Castle Combe is a quaint little place, that seems to be stuck in time. Higgledy piggledy lanes with old misshapen cottages nestled one against the other. Quiet paths leading away from a narrow through road with infrequent traffic. Some of the 1967 film Doctor Doolittle was filmed here, much to the consternation of the villagers, who are still, I feel, fiercely protective of ye olde village charm. War Horse was filmed here too, and I remember visiting the set of the Robin of Sherwood series which was filmed here in the 1980s.

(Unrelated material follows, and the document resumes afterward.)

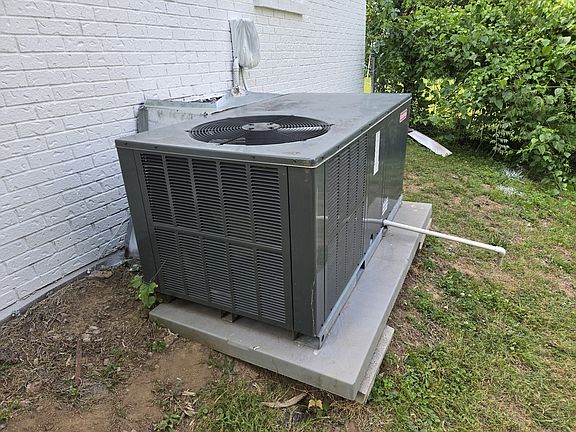 2nd image of 4166 Ames Dr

There are few signs here of the 21st century. Not a brick nor a flower pot seems out of place. Tiny weather-worn oak doors – some no higher than my shoulders, leaden windows and low wood beams (were people much smaller in the ‘olden days’ or what?). There is the obligatory English tea room, of course, and a cake stall with homemade cakes and a little box to put your coins in. It’s the kind of place where you feel guilty about taking out your mobile phone, or even a camera. A place that wants to hold onto its medieval roots – the best bits – and proves that it is possible to do so. And when you visit you feel like you take a little bit of that untouched past home with you when you leave.